START Available data
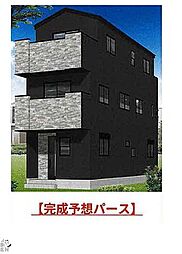 小田4丁目　前面南道路で駐車2台可能な3階建て邸宅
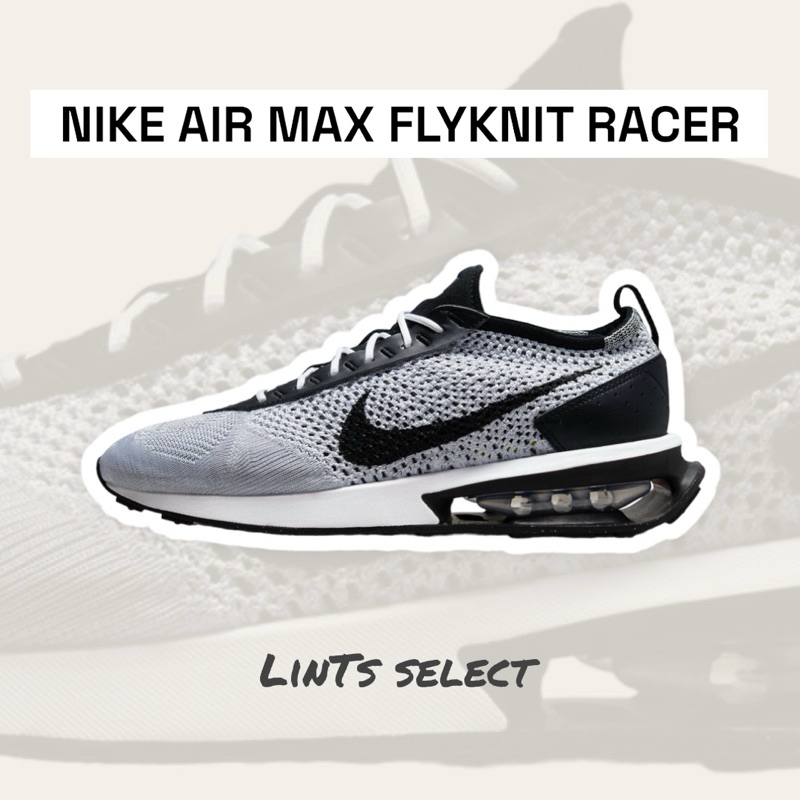 『LinTs』NIKE AIR MAX FLYKNIT RACER 編織  透氣 復古 運動鞋 DJ6106-002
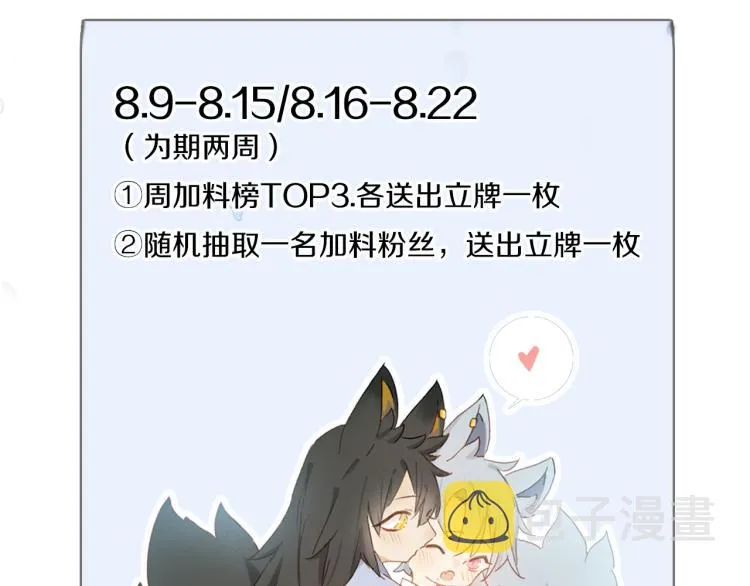 第43话 离不开你的，是我才对 第137页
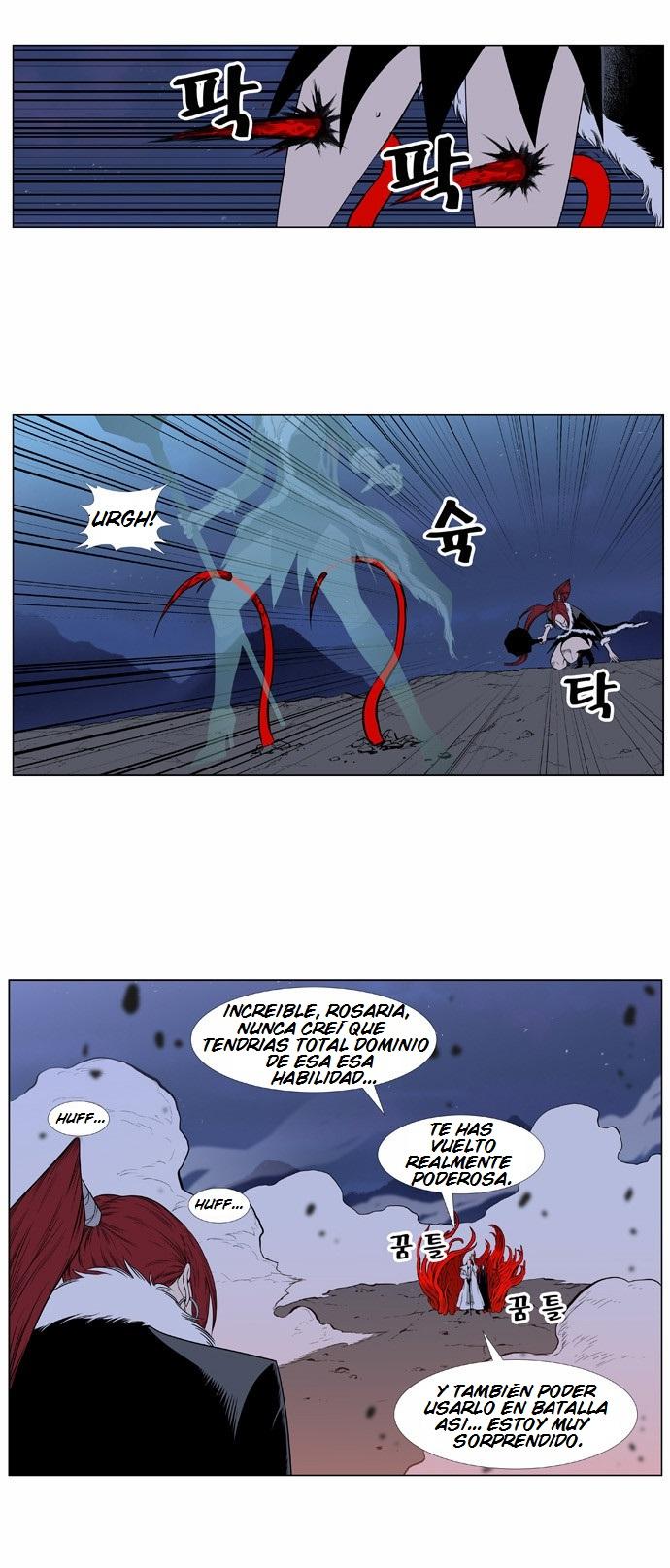 Read Noblesse Español Manga Online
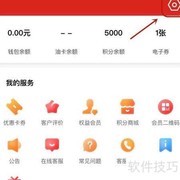 易捷加油会员改注册地指南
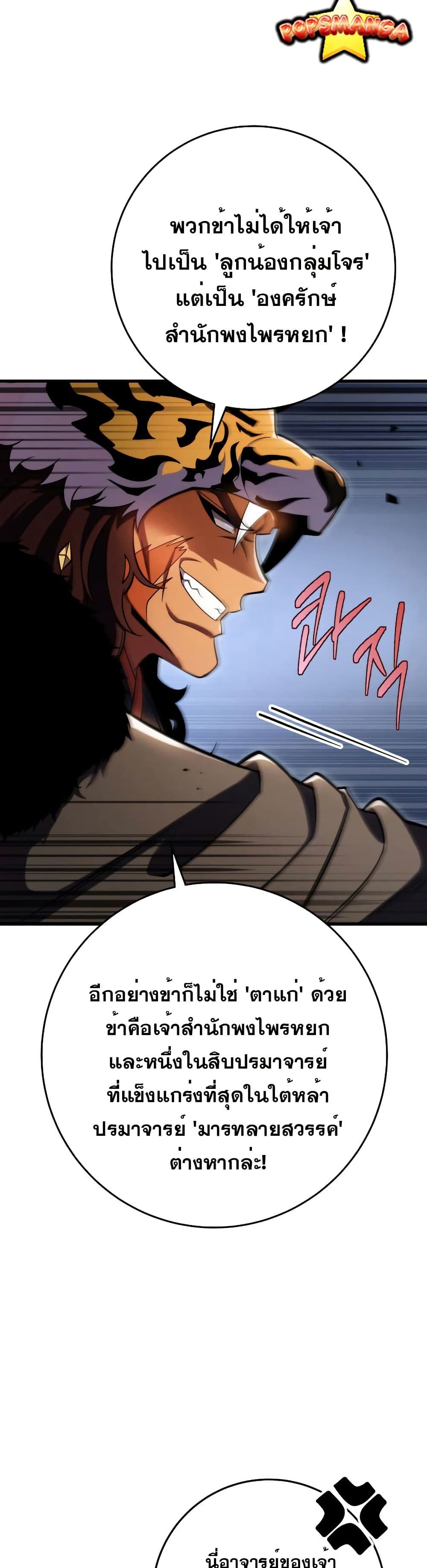 Heavenly Inquisition Sword page 10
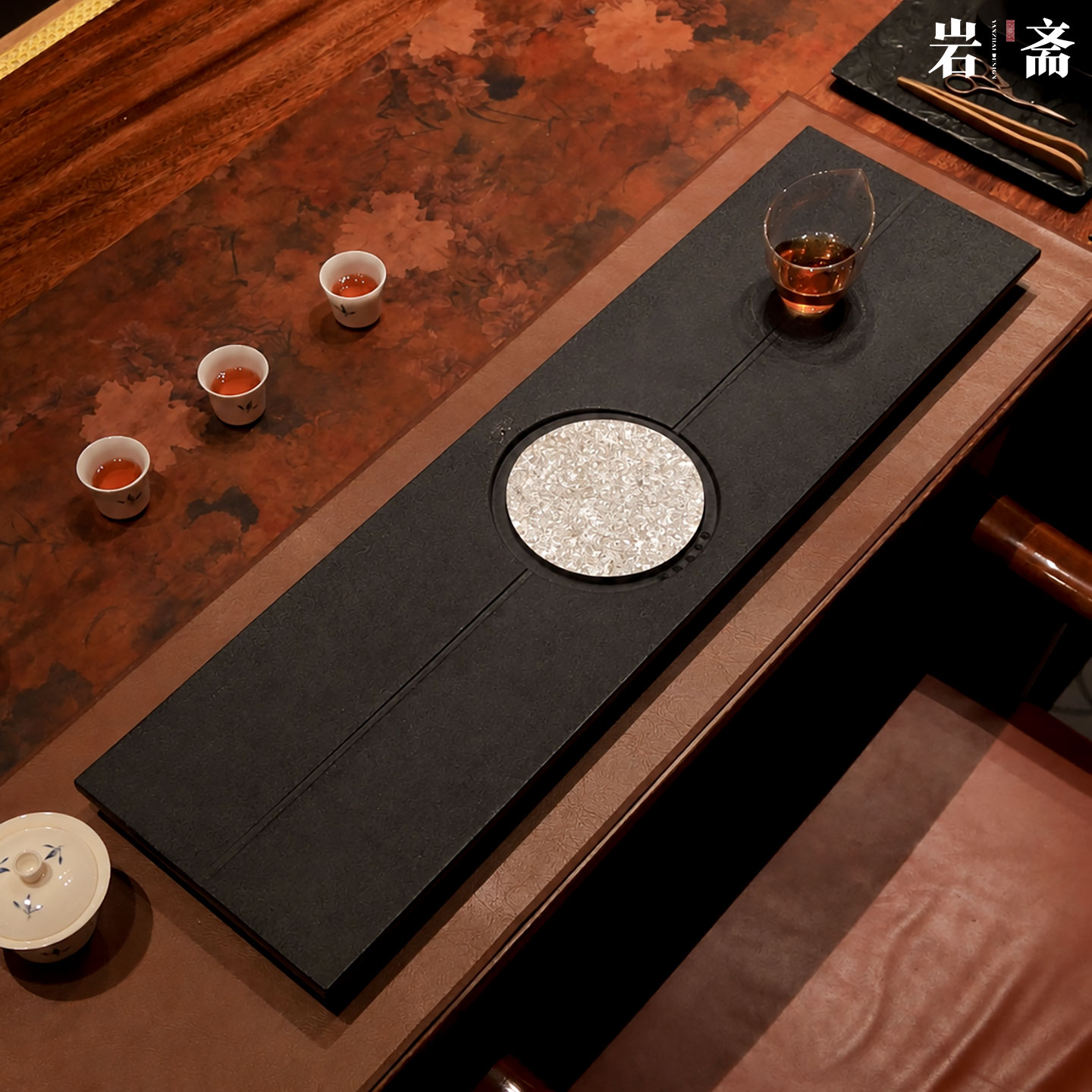 天然乌金石纯钛简约轻奢茶盘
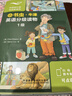 小書蟲1-2級套裝 牛津英語分級讀物（讀物16冊+譯文手冊2冊 點讀版 附掃碼音頻、習(xí)題答案） 曬單實拍圖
END Available data
__Activity__
Without including a single picture, restate all of the data word for word.

__Exercise output__
 小田4丁目　前面南道路で駐車2台可能な3階建て邸宅
 『LinTs』NIKE AIR MAX FLYKNIT RACER 編織  透氣 復古 運動鞋 DJ6106-002
 第43话 离不开你的，是我才对 第137页
 Read Noblesse Español Manga Online
 易捷加油会员改注册地指南
 Heavenly Inquisition Sword page 10
 天然乌金石纯钛简约轻奢茶盘
 小書蟲1-2級套裝 牛津英語分級讀物（讀物16冊+譯文手冊2冊 點讀版 附掃碼音頻、習(xí)題答案） 曬單實拍圖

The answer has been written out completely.